BTW, “wattles” are also a kind of marsh grass that can be dried out and woven to make baskets or even housing-ever hear of “daub-and-wattle” construction?

On 2002-07-19 10:49, Pat Cannady wrote:

BTW, “wattles” are also a kind of marsh grass that can be dried out and woven to make baskets or even housing-ever hear of “daub-and-wattle” construction?

Yeah, now that you mention it. I didn’t think of that. Somehow I 've always associated that title with flabby fleshy things… :slight_smile:

I tried to listen to the tunes to find out what was going on. I just got confused. I kept hearing this one part over and over alternating with something else. So I looked the tunes up at JC’s. The version of Wattle that I printed doesn’t exactly match Burke’s but there is one that’s closer. Anyway, the second part of Dinny is hardly distinguishable from the first part of Wattle. There are some minor differences in the versions I printed off but it’s clear they’re substantially the thing.

Steve

On 2002-07-19 13:49, SteveK wrote:
Anyway, the second part of Dinny is hardly distinguishable from the first part of Wattle

hmmm, I don’t know Burke’s versions but would think that’s a bit of a bold statement given the versions I know.

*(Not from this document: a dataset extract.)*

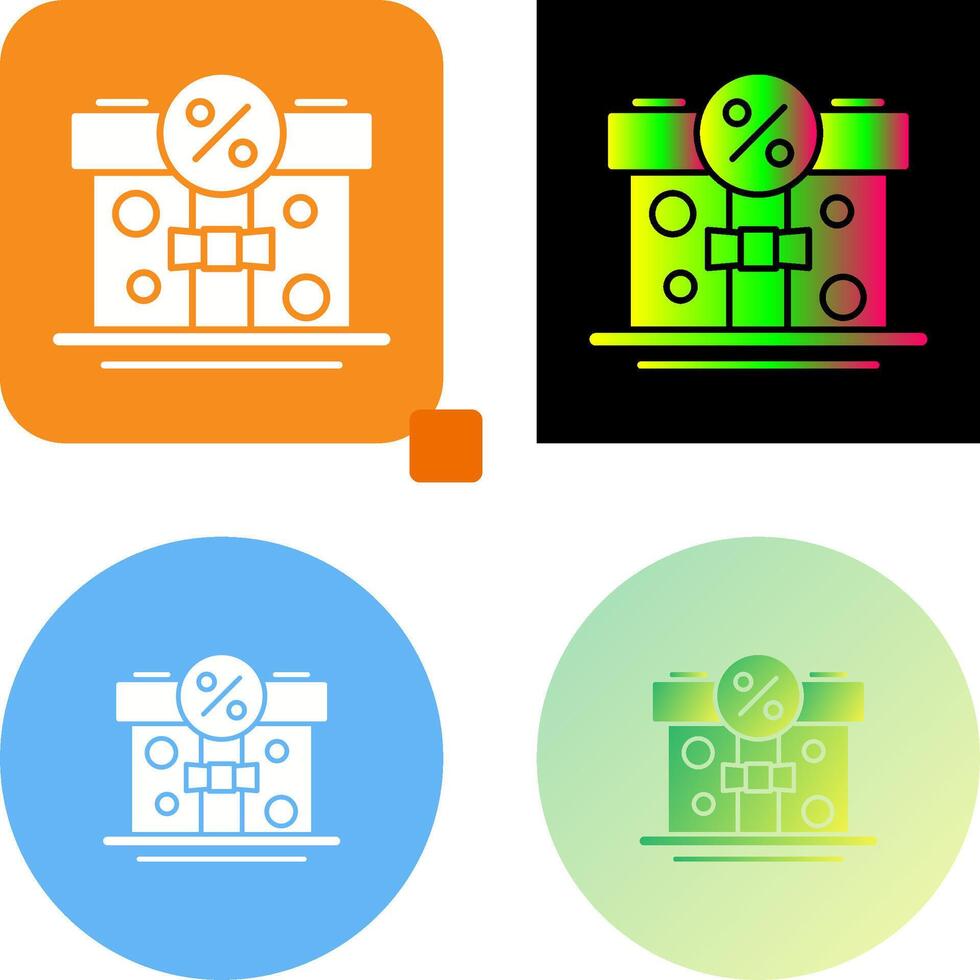 Gift Box Icon Design vector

On 2002-07-19 14:10, Peter Laban wrote:
hmmm, I don’t know Burke’s versions but would think that’s a bit of a bold statement given the versions I know.

Maybe “essentially the same” is too strong but close enough to be confusing. The first, third and fifth measures are identical in the printed versions so that the same phrase keeps repeating throughout in both tunes. I’d have to go back to the recording to check them to make sure they’re the same as Burke’s. Obviously, I can’t comment about the versions you play.

Steve

“If the cap fits” - takes me back! Time was when I knew that album practically by heart. You’re quite correct Bloomfield, he switches between the two tunes by stitching the two parts together in the middle. That was obvious to me the first time I heard it, but then I was very familiar with his version of Dinny Delaney’s from the Bothy Band. Bit of a gimmick but the effect is playful, and fun.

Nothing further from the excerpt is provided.